In machine learning, we are computing gradient of the loss function with respect to the parameters. In particular, if the parameters are high-dimensional, the loss is a real number. Hence, consider a real-valued function $\bbf:\mathbb{R}^n\stackrel{\bbg_1}{\to}\mathbb{R}^m \stackrel{\bbg_2}{\to}\mathbb{R}^d\stackrel{h}{\to}\mathbb{R}$, so that $\bbf(\bbx) = h(\bbg_2(\bbg_1(\bbx)))\in \mathbb{R}$. We have
\begin{align*}
\underbrace{\nabla\bbf(\bbx)}_{n\times 1}=\underbrace{J_{\bbg_1}(\bbx)^T}_{n\times m}\underbrace{J_{\bbg_2}(\bbg_1(\bbx))^T}_{m\times d}\underbrace{\nabla h(\bbg_2(\bbg_1(\bbx)))}_{d\times 1}.
\end{align*}
To do this computation, if we start from the right so that we start with a matrix times a vector to obtain a vector (of size $m$) and we need to make another matrix times a vector, resulting in $O(nm+md)$ operations. If we start from the left with the matrix-matrix multiplication, we get $O(nmd+nd)$ operations. Hence we see that as soon as $m\approx d$, starting for the right is much more efficient. Note however that doing the computation from the right to the left requires to keep in memory the values of $\bbg_1(\bbx)\in\mathbb{R}^m$, and $\bbx\in \mathbb{R}^n$.

**Backpropagation** is an efficient algorithm computing the gradient "from the right to the left", i.e. backward.

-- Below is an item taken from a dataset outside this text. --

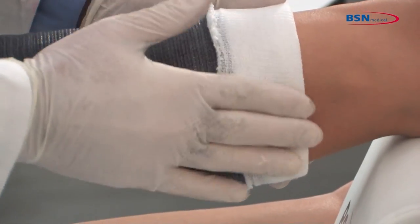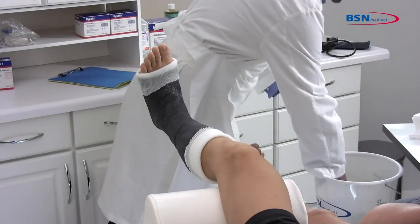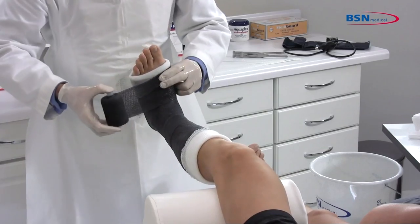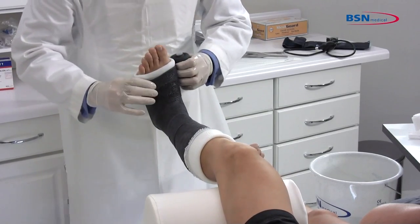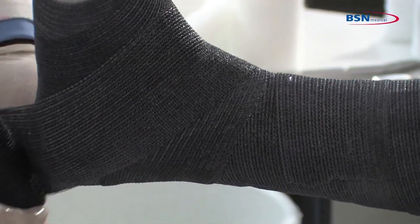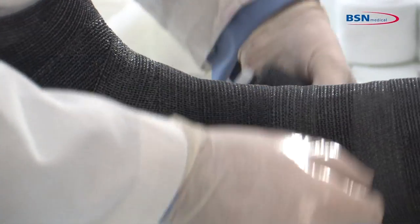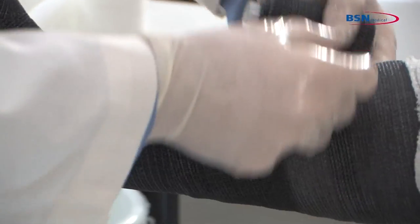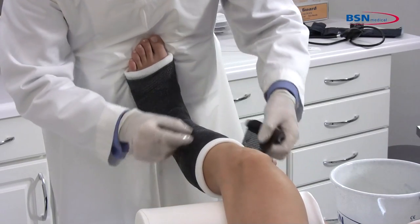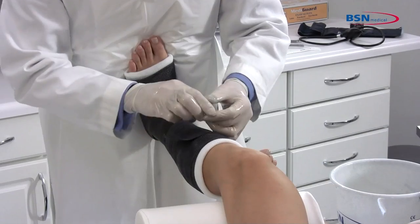Take a third roll of cast tape. Dip the cast tape in water squeezing 1 to 3 times, remove from water and squeeze 1 time to remove excess water. Start wrapping the cast at the metatarsals twice and work toward the ankle with 70% overlap. Go around the ankle and work toward the knee with 50% overlap. Be sure to stay below the fibular head and leave approximately 1½ inches of stockinette exposed to leave a soft end.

In particular, we will need to compute quantities of the form: $J_{\bbf}(\bbx)^T\bbu \in \mathbb{R}^n$ with $\bbu \in\mathbb{R}^m$ which can be rewritten $\bbu^T J_{\bbf}(\bbx)$ which is a Vector Jacobian Product (**VJP**), correponding to the interpretation where the Jacobian is the linear map: $J_{\bbf}(\bbx):\mathbb{R}^n \to \mathbb{R}^m$, composed with the linear map $\bbu:\mathbb{R}^m\to \mathbb{R}$ so that $\bbu^TJ_{\bbf}(\bbx) = \bbu \circ J_{\bbf}(\bbx)$.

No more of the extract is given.